Where casual vacancies occurred, these were to be filled by the councils concerned who were given the power to appoint (or co-opt) any qualified person they wished.

- Section 2 provided that the registers of electors and jurors books in force in 1938 should remain valid
- Section 3 relieved the local authorities of the duty of compiling new registers and other duties concerned with local elections.
- Section 4 extended the postponement to the Common Council of the City of London.
- Section 5 dealt with newly incorporated municipal boroughs, which were due to have the first election of councillors on 1 November 1939. The section provided that the councillors of the predecessor urban or rural district would become borough councillors without the need for a fresh election. Where the number of councillors for the new borough exceeded those of the district council, the district councillors were given the power to appoint additional members. The new council was also to proceed with the election of aldermen as provided by their charter.
- Section 6 prevented changes to the areas or status of local authorities. Specifically it stated that no order could come into force that:
  - Altered or defined the boundaries of any county, borough, urban or rural district or parish
  - Divided any borough or urban district or parish into wards, or alter the boundaries of any ward in a borough or urban district or parish
  - Grouped any parishes or dissolved any group of parishes or established a separate parish council for any parish
  - Altered the boundaries of the electoral divisions of any county
  - Altered the number of councillors of any county council, borough council, urban or rural district council or parish council or dissolved any parish council
  - Formed a new urban or rural district or parish
  - Divided any county or urban or rural district or parish
  - United any county with any other county or with any county borough, or united any county borough with a county, or united any borough with any other borough, or united any urban or rural district with any other such district, whether urban or rural, or united any parish with another parish
  - Included in a borough an urban or rural district,
  - Transferred a part of a non-county borough to an urban or rural district, or transferred the whole or part of an urban or rural district to a non-county borough,
  - Transferred any part of an urban or rural district to another such district, whether urban or rural, or transferred any part of a parish to another parish
  - Converted any rural district or any part of a rural district into an urban district or any urban district or any part of an urban district into a rural district
- Section 7 dealt with the definitions of the various terms in the act
- Section 8 applied the act to Scotland, substituting the terms "burgh" and "district" where appropriate.
- Section 9 applied the act to Northern Ireland.

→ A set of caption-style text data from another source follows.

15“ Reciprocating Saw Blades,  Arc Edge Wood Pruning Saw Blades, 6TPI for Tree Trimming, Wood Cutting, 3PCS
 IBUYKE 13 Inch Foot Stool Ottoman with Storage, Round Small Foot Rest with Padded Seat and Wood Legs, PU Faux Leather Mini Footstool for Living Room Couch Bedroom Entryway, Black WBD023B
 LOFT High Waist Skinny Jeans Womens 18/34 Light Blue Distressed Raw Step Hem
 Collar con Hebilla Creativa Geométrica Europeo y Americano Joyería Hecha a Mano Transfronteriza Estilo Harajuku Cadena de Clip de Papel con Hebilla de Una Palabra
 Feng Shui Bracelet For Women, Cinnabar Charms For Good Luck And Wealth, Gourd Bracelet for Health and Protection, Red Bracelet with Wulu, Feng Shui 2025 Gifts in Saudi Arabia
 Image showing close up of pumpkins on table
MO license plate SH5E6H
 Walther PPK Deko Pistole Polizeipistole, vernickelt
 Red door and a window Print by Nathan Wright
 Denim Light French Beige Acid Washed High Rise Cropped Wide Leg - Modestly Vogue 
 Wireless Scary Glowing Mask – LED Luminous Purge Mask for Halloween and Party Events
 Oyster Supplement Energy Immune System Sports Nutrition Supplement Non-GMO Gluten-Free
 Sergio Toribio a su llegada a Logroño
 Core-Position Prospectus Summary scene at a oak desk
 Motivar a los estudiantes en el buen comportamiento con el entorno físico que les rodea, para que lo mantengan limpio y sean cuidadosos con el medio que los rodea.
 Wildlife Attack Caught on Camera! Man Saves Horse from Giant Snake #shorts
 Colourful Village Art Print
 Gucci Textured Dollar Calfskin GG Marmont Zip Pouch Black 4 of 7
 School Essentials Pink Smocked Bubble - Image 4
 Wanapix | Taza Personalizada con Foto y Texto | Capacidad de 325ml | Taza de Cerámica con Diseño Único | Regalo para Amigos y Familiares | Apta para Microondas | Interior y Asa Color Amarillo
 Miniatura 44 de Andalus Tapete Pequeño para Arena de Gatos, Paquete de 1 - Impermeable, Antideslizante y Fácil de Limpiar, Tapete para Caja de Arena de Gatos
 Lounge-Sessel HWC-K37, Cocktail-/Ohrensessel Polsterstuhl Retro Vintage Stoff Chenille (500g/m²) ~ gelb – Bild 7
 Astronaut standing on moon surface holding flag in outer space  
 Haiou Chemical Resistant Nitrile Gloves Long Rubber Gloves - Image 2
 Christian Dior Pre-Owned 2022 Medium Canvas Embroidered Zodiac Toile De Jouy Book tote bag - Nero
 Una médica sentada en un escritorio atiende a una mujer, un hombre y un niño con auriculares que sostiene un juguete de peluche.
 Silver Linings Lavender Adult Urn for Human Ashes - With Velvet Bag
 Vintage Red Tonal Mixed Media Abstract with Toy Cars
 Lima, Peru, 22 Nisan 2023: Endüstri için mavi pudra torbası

Elections were not cancelled, but the Government of Northern Ireland was relieved of the responsibility of compiling a new register of electors.
- Section 10 gave the short title of the act, and provided that it would expire on 31 December 1940, with councillors and aldermen entitled to remain in office for six months after that date, or to such date as Parliament decided.

==Renewal==

With the continuation of the war until 1945, the provisions of the 1939 legislation had to be renewed on five further occasions by the Local Elections and Register of Electors (Temporary Provisions) Acts of 1940, 1941, 1942, 1943, and 1944.

== Subsequent developments ==
The whole act, except section 9 and section 3 as it applies for the purposes of section 9, was repealed by section 40(2) of, and the fifth schedule to, the Representation of the People Act 1945 (8 & 9 Geo. 6. c. 5), which came into force on 15 February 1945.

The whole act, so far as unrepealed, was repealed for Northern Ireland by repealed by section 1 of, and the first schedule to, the Statute Law Revision Act 1953 (2 & 3 Eliz. 2. c. 5), which came into force on 18 December 1953.